### WHAT IS NEEDED:
Give again, exactly as written, the lines of the records below from the line with "Wholesale Jewelry Casual" to the line with "TRUEIN Strzykawki z". Both end lines count; pictures do not.

### INFORMATION GIVEN:
++++++++++

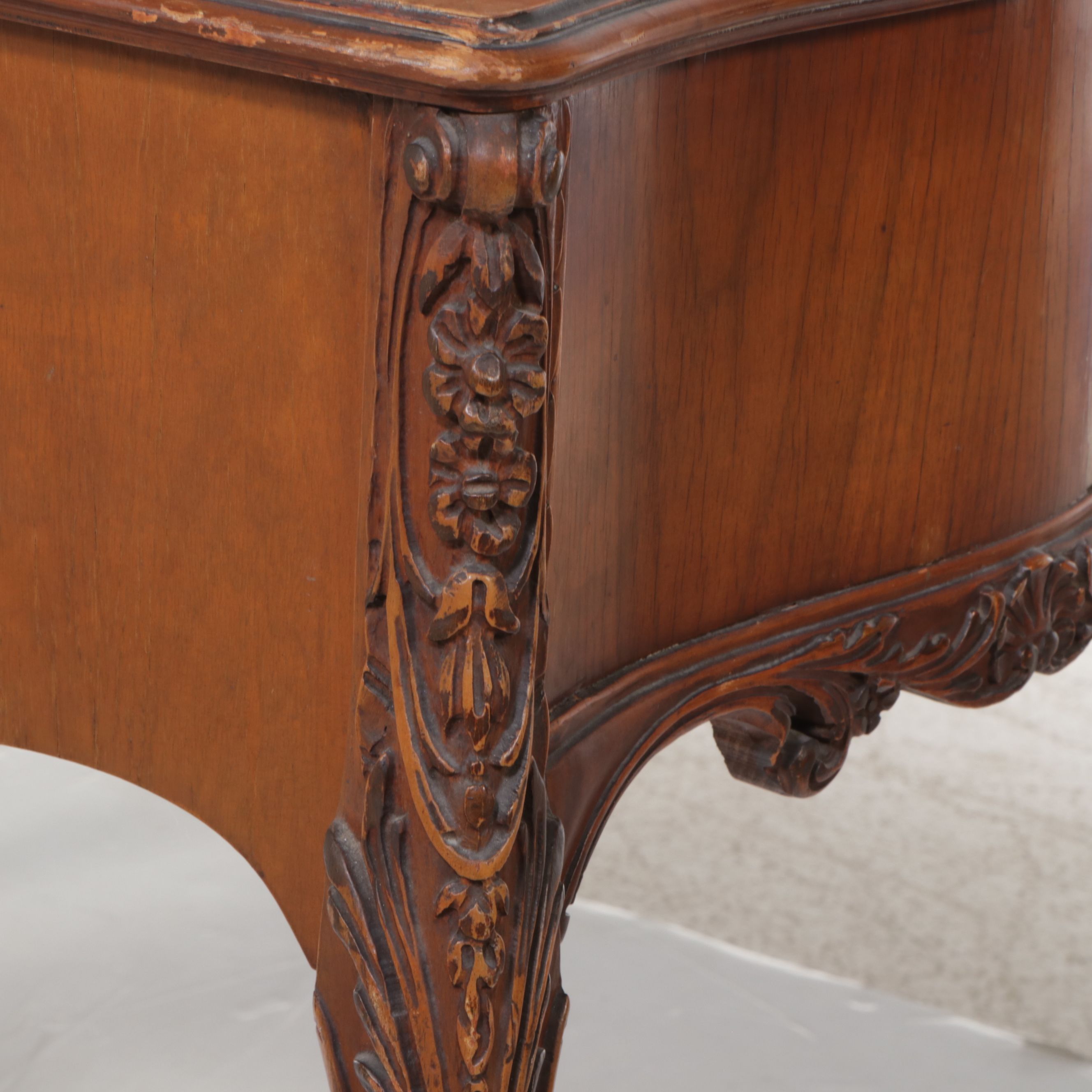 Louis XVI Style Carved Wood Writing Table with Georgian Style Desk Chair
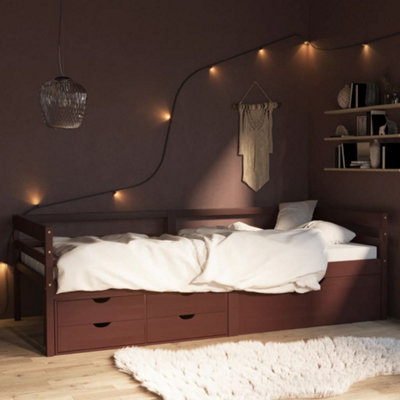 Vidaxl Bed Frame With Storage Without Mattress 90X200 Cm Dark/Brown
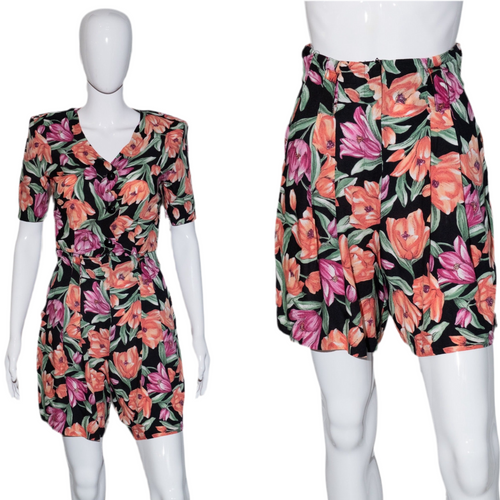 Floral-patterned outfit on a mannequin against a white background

++++++++++

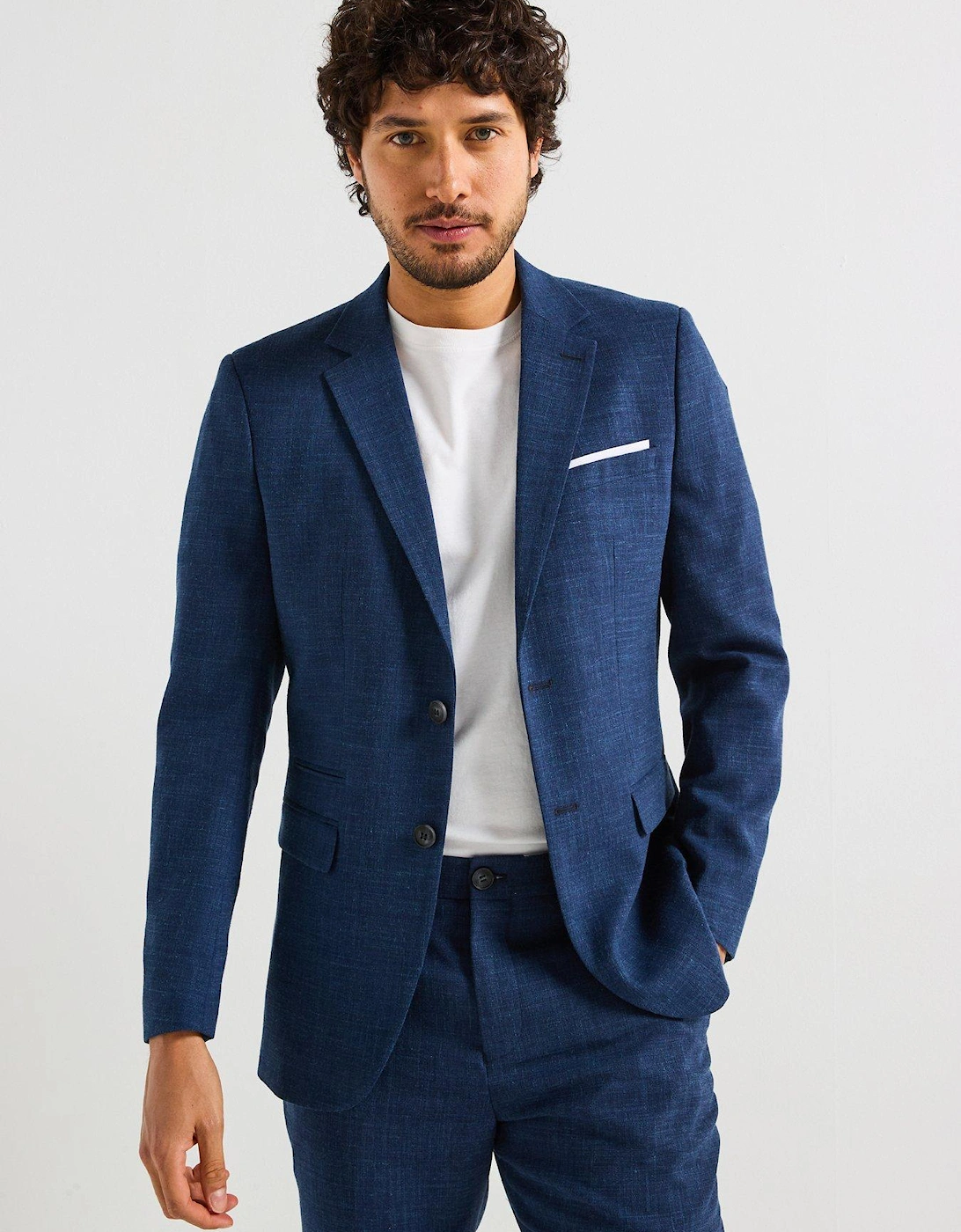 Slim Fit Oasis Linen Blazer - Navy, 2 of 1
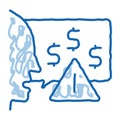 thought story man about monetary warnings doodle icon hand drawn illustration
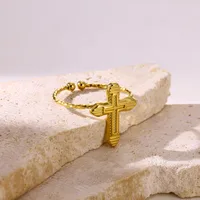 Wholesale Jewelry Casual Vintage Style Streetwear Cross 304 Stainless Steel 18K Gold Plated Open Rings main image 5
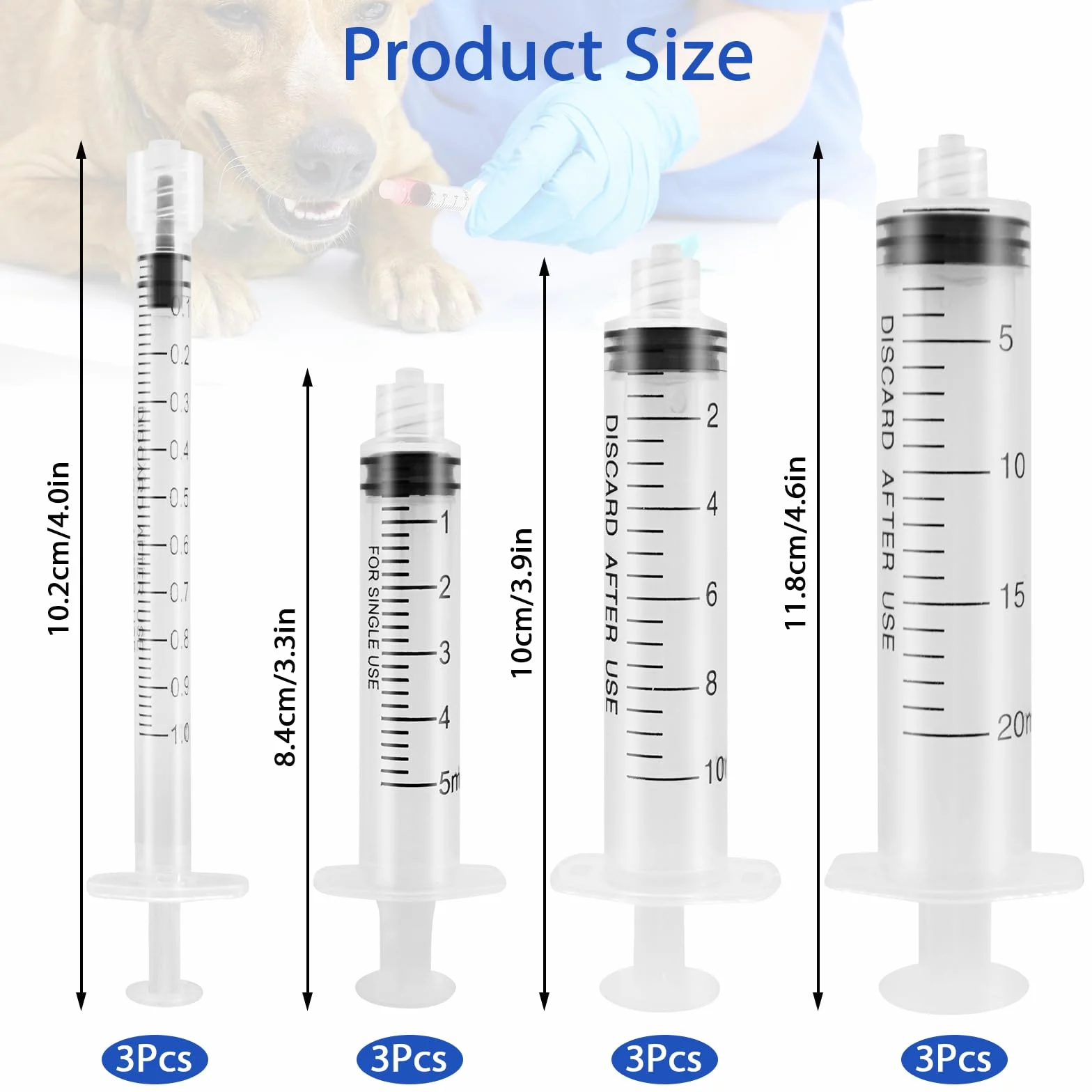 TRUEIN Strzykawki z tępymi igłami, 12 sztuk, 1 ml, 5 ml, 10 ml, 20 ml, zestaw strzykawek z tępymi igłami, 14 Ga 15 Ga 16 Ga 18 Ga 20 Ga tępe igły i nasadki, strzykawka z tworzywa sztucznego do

++++++++++

### THE COMPLETED TASK:
 Wholesale Jewelry Casual Vintage Style Streetwear Cross 304 Stainless Steel 18K Gold Plated Open Rings main image 5
 TRUEIN Strzykawki z tępymi igłami, 12 sztuk, 1 ml, 5 ml, 10 ml, 20 ml, zestaw strzykawek z tępymi igłami, 14 Ga 15 Ga 16 Ga 18 Ga 20 Ga tępe igły i nasadki, strzykawka z tworzywa sztucznego do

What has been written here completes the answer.